Estimates the fiscal reaction function following Bohn (1998):
pb(t) = rho * d(t-1) + alpha * Z(t) + epsilon(t),
where pb is the primary balance-to-GDP ratio, d is lagged
debt-to-GDP, and Z is a matrix of control variables.
Usage
dk_bohn_test(
primary_balance,
debt,
controls = NULL,
method = c("ols", "rolling", "quadratic"),
window = NULL,
robust_se = FALSE
)Arguments
- primary_balance
Numeric vector of primary balance-to-GDP ratios.
- debt
Numeric vector of lagged debt-to-GDP ratios (same length as
primary_balance).- controls
Optional data.frame of control variables (same number of rows as
primary_balance). Each column enters the regression as a separate regressor.- method
Character;
"ols"(default) for a single OLS regression over the full sample,"rolling"for rolling-window regressions, or"quadratic"for a non-linear specification that includes a squared debt term to detect fiscal fatigue (Ghosh et al. 2013).- window
Integer; rolling window size. Required when
method = "rolling", ignored otherwise.- robust_se
Logical; if
TRUE, compute Newey-West HAC standard errors using a Bartlett kernel with automatic bandwidthfloor(4*(n/100)^(2/9)). This corrects for serial correlation in fiscal data.
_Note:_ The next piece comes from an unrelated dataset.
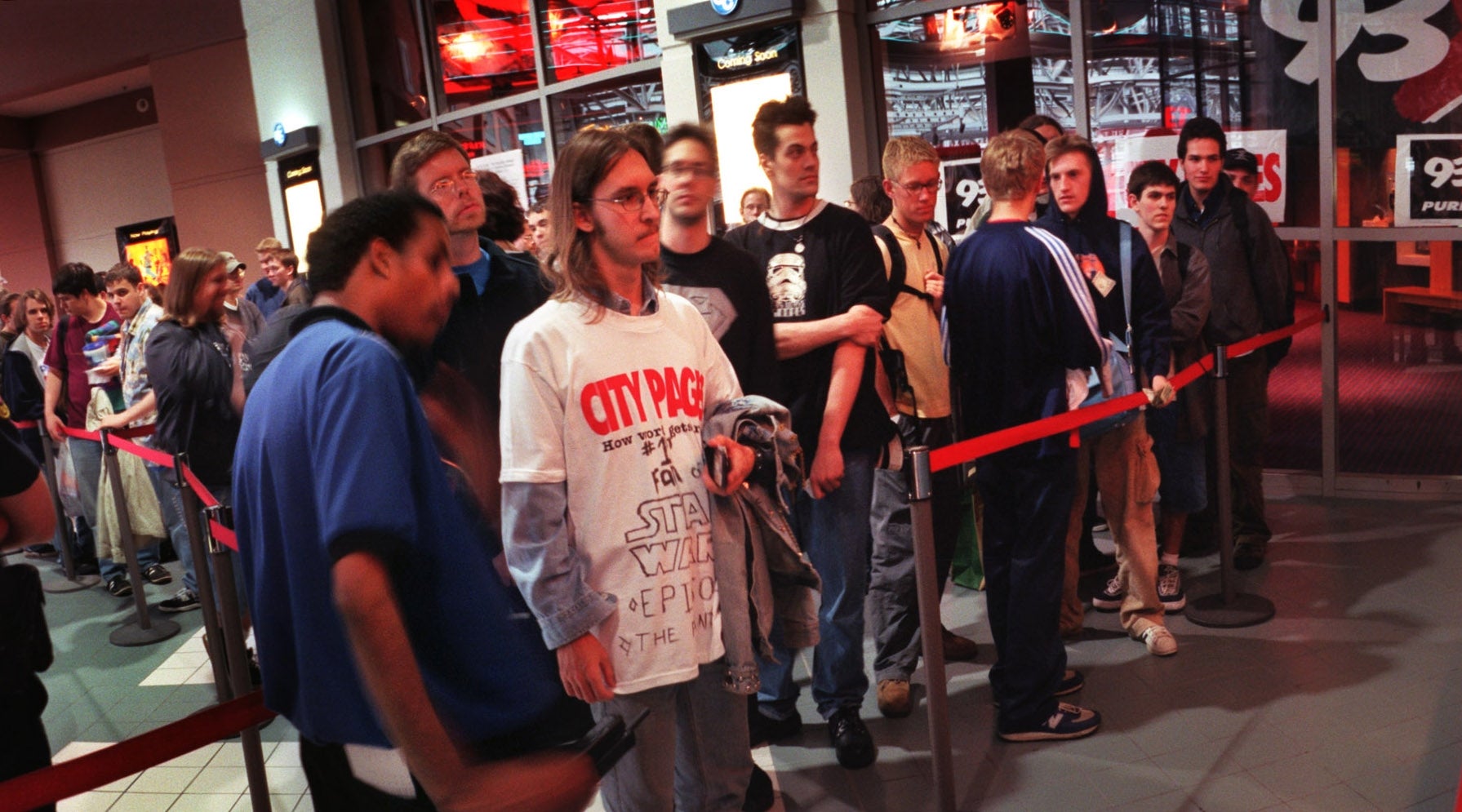 People lined up astatine a theatre summons counter, immoderate wearing themed T-shirts. Staff assists customers, with posters and lights successful the background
DefaultFALSE.
Value
An S3 object of class dk_bohn with components:
- rho
Estimated fiscal response coefficient (full sample or last rolling window).
- rho_se
Standard error of
rho.- rho_pvalue
p-value for the test H0: rho = 0.
- sustainable
Logical;
TRUEifrho > 0andrho_pvalue < 0.05.- model
The
lmobject from the full-sample (OLS/quadratic) or last-window (rolling) regression.- method
The method used (
"ols","rolling", or"quadratic").- rho_ts
A data.frame with columns
index,rho,rho_lower,rho_upperifmethod = "rolling";NULLotherwise.- robust_se
Logical; whether HAC standard errors were used.
- rho2
Coefficient on debt squared (only for
method = "quadratic").- rho2_se
Standard error of
rho2(quadratic only).- rho2_pvalue
p-value for
rho2(quadratic only).- turning_point
Debt level where fiscal response peaks,
-rho/(2*rho2)(quadratic only).
Details
A positive and statistically significant rho indicates that the
government systematically raises the primary surplus in response to
rising debt, satisfying a sufficient condition for debt sustainability.
References
Bohn, H. (1998). "The Behavior of U.S. Public Debt and Deficits." Quarterly Journal of Economics, 113(3), 949–963. doi:10.1162/003355398555793
Ghosh, A.R., Kim, J.I., Mendoza, E.G., Ostry, J.D. and Qureshi, M.S. (2013). "Fiscal Fatigue, Fiscal Space and Debt Sustainability in Advanced Economies." The Economic Journal, 123(566), F4–F30.
Examples
# Simulate data with positive fiscal response
set.seed(42)
n <- 50
debt <- cumsum(rnorm(n, 0.01, 0.02)) + 0.6
pb <- 0.04 * debt + rnorm(n, 0, 0.005)
result <- dk_bohn_test(pb, debt)
print(result)
#>
#> ── Bohn Fiscal Reaction Function ───────────────────────────────────────────────
#> • Method: ols
#> • Observations: 50
#> • rho = 0.0365 (SE = 0.0058, p = 8.47e-08)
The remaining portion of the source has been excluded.